- Born: Joan Audrey Heal 17 October 1922 Vobster, Somerset, England, UK
- Died: 12 April 1998 (aged 75)
- Occupation: Actor
- Spouse: Jeremy Hawk
- Children: Belinda Lang

= Joan Heal =

English actress and singer (1922–1998)

In Grab Me a Gondola, with Denis Quilley, 1956

Joan Audrey Conyers (17 October 1922 – 12 April 1998) professionally known as Joan Heal, was an English actress and singer, known for her appearances in revue in the 1940s and 1950s.

==Life and career==
Heal was born Joan Audrey Heal, in Vobster, Somerset, and educated at Bath High School and later the Old Vic School. She made her first professional appearance as Mrs Terence in Emlyn Williams' psycho-thriller Night Must Fall in 1940 at the Garden Theatre, Bideford, after which she was in the chorus of a revue at the Saville Theatre, London. Her first prominent role in revue was at the Cambridge Theatre in Sauce Tartare in 1949. This was followed by Sauce Piquante at the same theatre in 1950. In 1951, she was in the Lyric Revue with Ian Carmichael, Dora Bryan and Graham Payn at the Lyric Theatre, Hammersmith.
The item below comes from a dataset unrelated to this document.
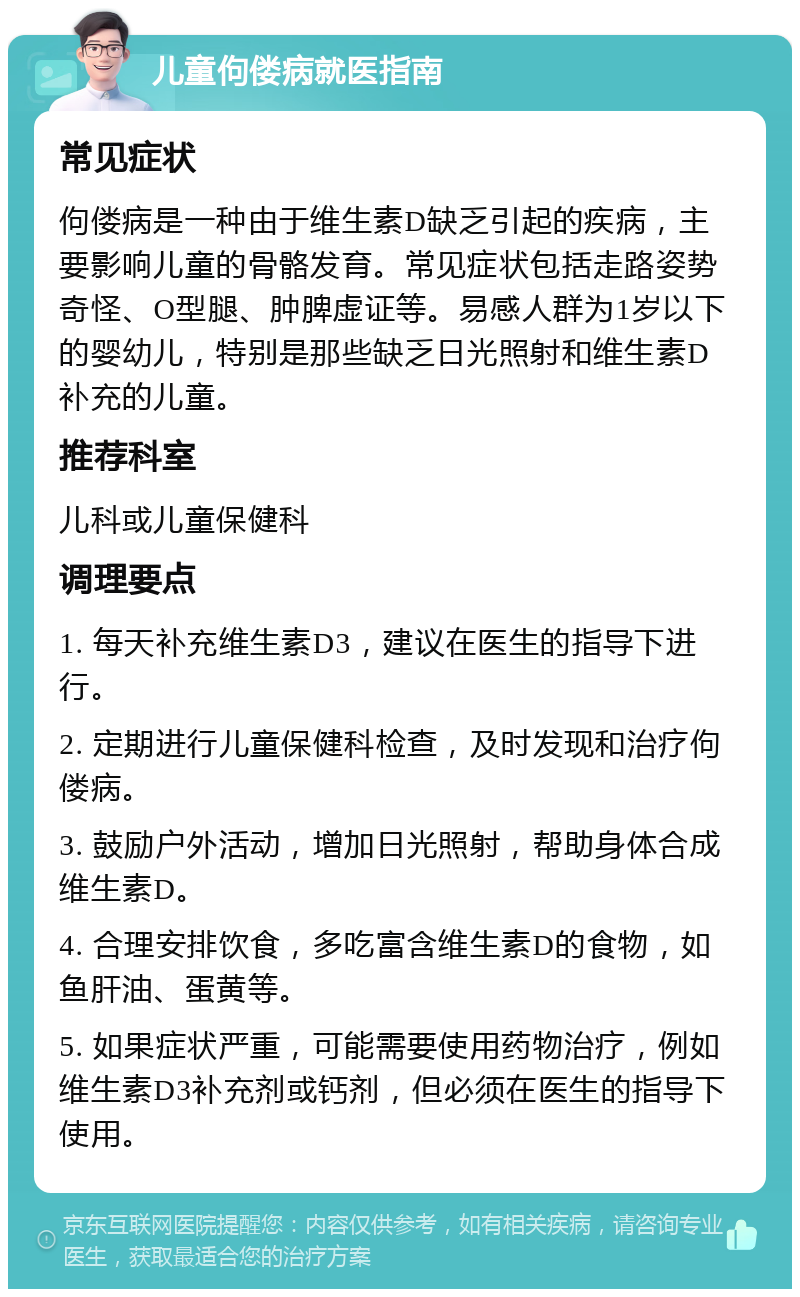 儿童佝偻病就医指南 常见症状 佝偻病是一种由于维生素D缺乏引起的疾病，主要影响儿童的骨骼发育。常见症状包括走路姿势奇怪、O型腿、肿脾虚证等。易感人群为1岁以下的婴幼儿，特别是那些缺乏日光照射和维生素D补充的儿童。 推荐科室 儿科或儿童保健科 调理要点 1. 每天补充维生素D3，建议在医生的指导下进行。 2. 定期进行儿童保健科检查，及时发现和治疗佝偻病。 3. 鼓励户外活动，增加日光照射，帮助身体合成维生素D。 4. 合理安排饮食，多吃富含维生素D的食物，如鱼肝油、蛋黄等。 5. 如果症状严重，可能需要使用药物治疗，例如维生素D3补充剂或钙剂，但必须在医生的指导下使用。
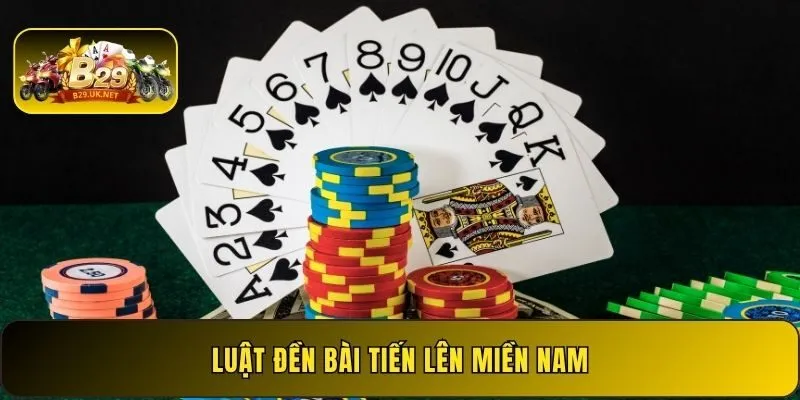 luat-den-bai-tien-len-mien-nam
The show transferred to the Globe Theatre in the West End, and was followed by a sequel in 1952. After further revue work, Heal was cast in the leading role of Virginia Jones in a new British musical Grab Me a Gondola, which became, in the words of The Times "a huge and completely unexpected success". After pre-West-End performances in Windsor and Hammersmith it transferred to the West End, and ran for a total of 673 performances, until mid-1958.

Heal played at the Bristol Old Vic in 1959 as Katherina in The Taming of the Shrew. In the 1960s she joined the repertory company of the Nottingham Playhouse for two seasons. She returned to West End musicals as Madam K in Sandy Wilson 's Divorce Me, Darling!. In 1966 she appeared in her last revue, The Decline and Fall of the Entire World as Seen through the Eyes of Cole Porter at the Criterion Theatre. The last stage of her career was at the Young Vic, where she became a mother-figure to the predominantly youthful company.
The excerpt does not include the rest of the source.